LWN: Comments on "An introduction to asynchronous Python"

An introduction to asynchronous Python

HelloWorld — Fri, 07 Jul 2017 17:16:01 +0000

The real question is why two concurrent threads would mess around with the same mutable data structure anyway. And most of the time is that they really don't, and when you stop doing that, things become much easier.

An introduction to asynchronous Python

neilbrown — Sat, 01 Jul 2017 00:25:40 +0000

> Given that essentially no human beings are capable of understanding synchronisation perfectly in any non-trivial cases,

That's a bold claim!
I think it much more likely that we don't have, or are not using, suitable semantic tools to enable us to think about synchronization in a reliable way.
By "semantic tools" I mean things like "loop invariants", which I personally find make it much easier to think accurately about loops.
I think a lot of synchronization errors come about because people are either not informed about the locking requirements, or think they can take a short cut without justifying it. This suggests that it isn't a lack of capability, but a lack of tools and training.

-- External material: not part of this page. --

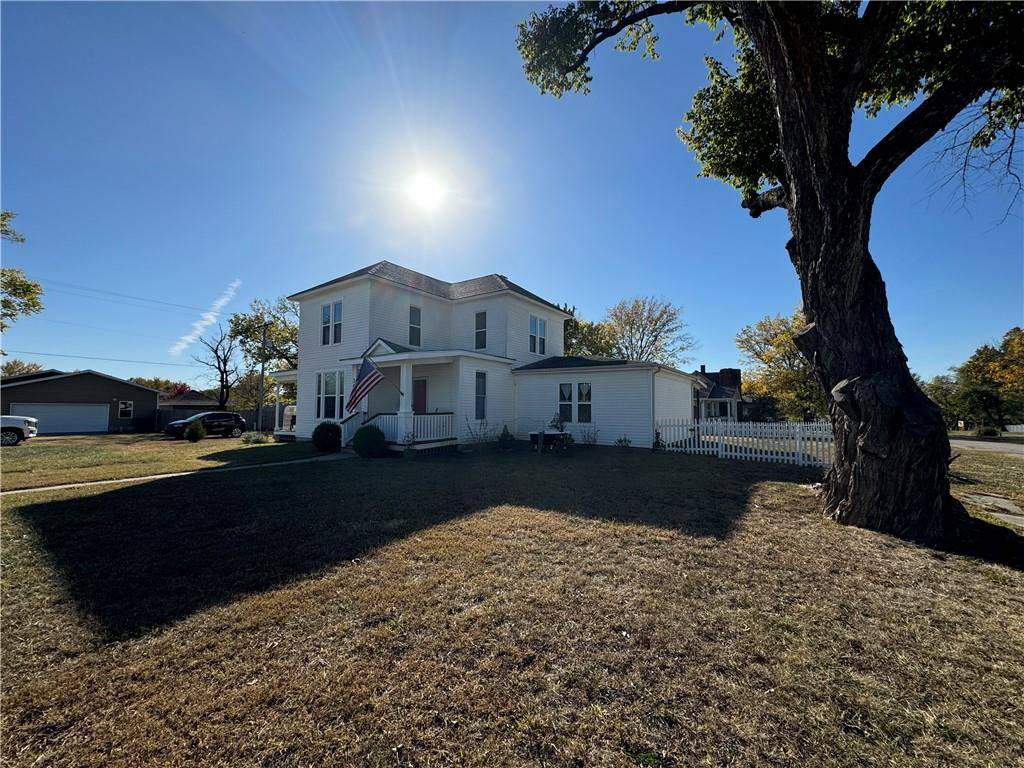 Humboldt, KS 66748,304 S 9th ST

You point still stands, though, that it may be easier to train people in asynchrony than in synchrony.

An introduction to asynchronous Python

excors — Fri, 30 Jun 2017 12:43:03 +0000

> There are not many things that are better for async in that comparison. The main advantage to asynchronous programs for Python is the massive scaling they allow, Grinberg said.

I think the main advantage of the async model over threading may be that you don't have to understand synchronisation - it avoids all those mutexes, semaphores, events, conditions, atomics, implicitly atomic operations in a particular interpreter implementation, GIL, ... Instead, all your code is guaranteed to run atomically except where there's a clearly-visible "await". Given that essentially no human beings are capable of understanding synchronisation perfectly in any non-trivial cases, that's a substantial benefit.

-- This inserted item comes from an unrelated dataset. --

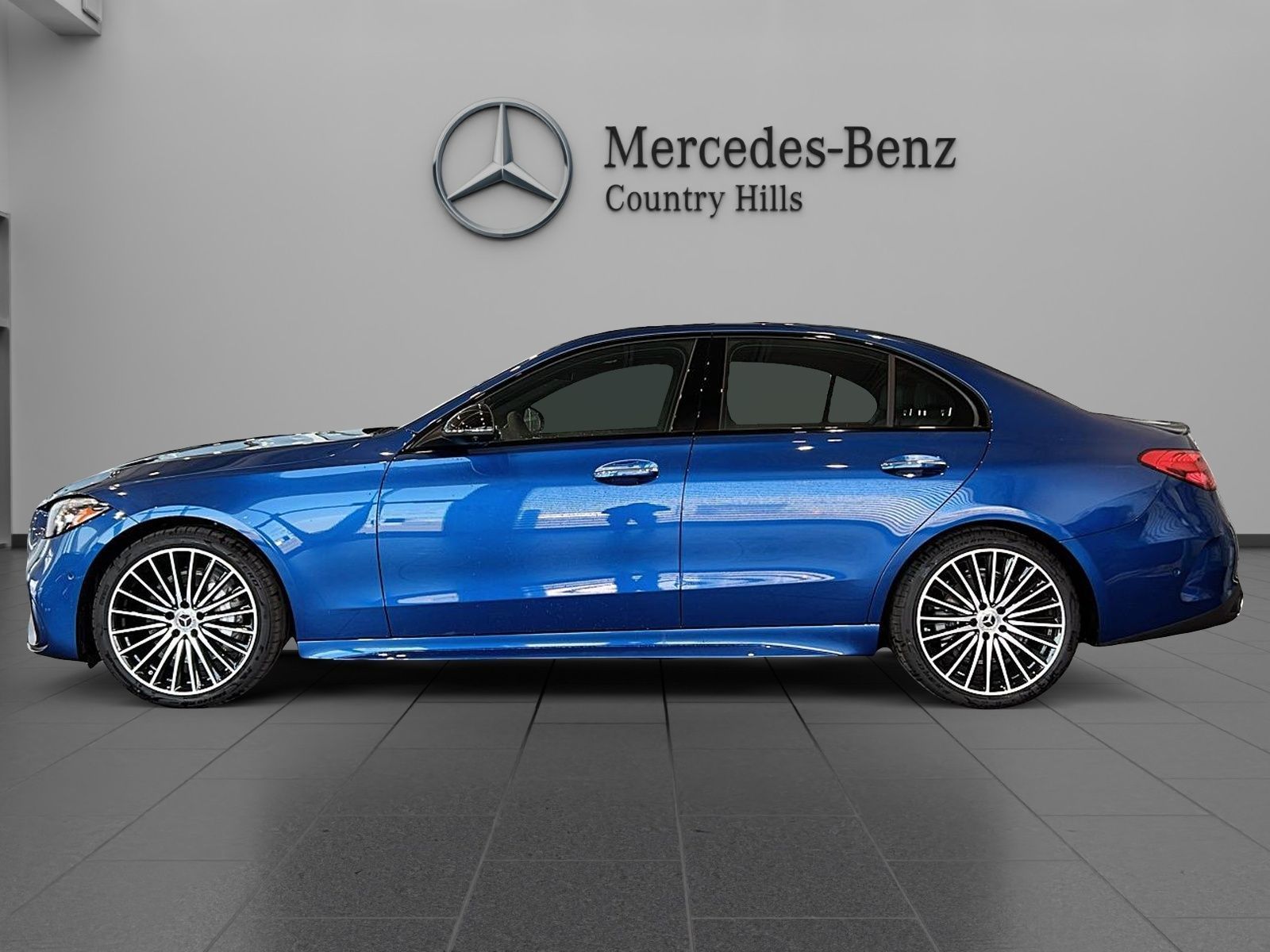 Photo 2025 Mercedes-Benz C300 4MATIC Sedan #2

An introduction to asynchronous Python

epa — Fri, 30 Jun 2017 05:50:01 +0000

Ironically, if you use a worker process model you may not need reference counting or other forms of garbage collection at all. Each process can do some work and then exit, freeing its memory then. This suggests some global flag to turn off reference counting and garbage collection would help here - and perhaps also help non-forking programs which nonetheless do one thing and then exit.

A more subtle tweak would be to set the reference counts on all objects to some magic value like -1 which marks an object as used and stops the count being updated further. The parent process could call that as a one-off just before forking the workers. Then all existing objects would stay shared, but allocations made in the children (or further things allocated in the parent) would be garbage collected as usual.

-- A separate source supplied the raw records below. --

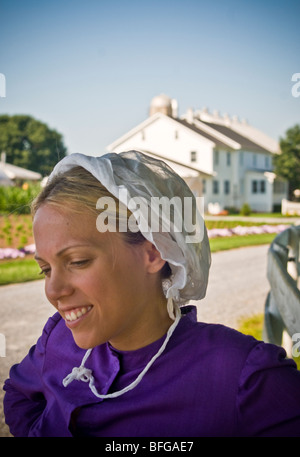 Young amish women in Lancaster PA.   housewives Stock Photo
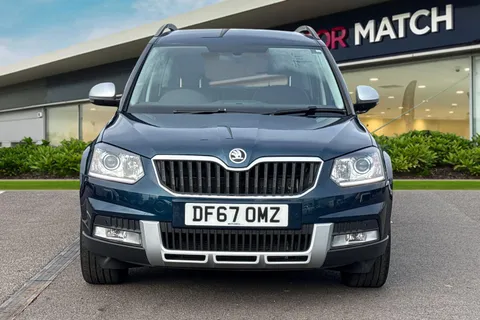 DF67OMZ Škoda Yeti 2.0 TDI SE L Drive Outdoor 4WD Euro 6 (s/s) 5dr Thumbnail #6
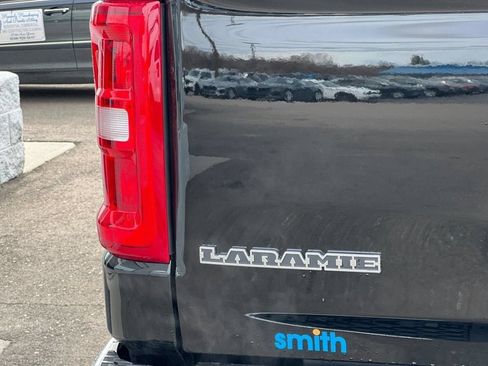 New 2025 RAM 1500 Laramie w/ Trailer Tow Group AWD/4WD image 11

An introduction to asynchronous Python

excors — Thu, 29 Jun 2017 22:49:02 +0000

I think std::shared_ptr can sort of do this already - you can pass the constructor a raw pointer (allocated however you want) plus an allocator object that will be used for internal allocations (i.e. refcount storage etc), and you could make that allocator use a separate pool to keep all the refcounts together. Then wrap it all in a custom type so users don't have to think about it.

(Apparently constructing a shared_ptr via std::make_shared is special - that does a single allocation to contain both the refcount and the object, which is usually a good idea, but in this case you'd need to implement it differently, which should be easy enough.)

An introduction to asynchronous Python

epa — Thu, 29 Jun 2017 19:51:32 +0000

Interesting point. This suggests that if you are going to use reference counting, the counts should be stored separately from the object, in some kind of global array or global lookup of address to count. Then they will be in their own pages, while the objects themselves stay mostly read-only.

An introduction to asynchronous Python

dtlin — Thu, 29 Jun 2017 17:48:33 +0000

If you start up new processes, each Python library loaded (including the standard library) will not be shared. That far outweighs the text size of the interpreter itself.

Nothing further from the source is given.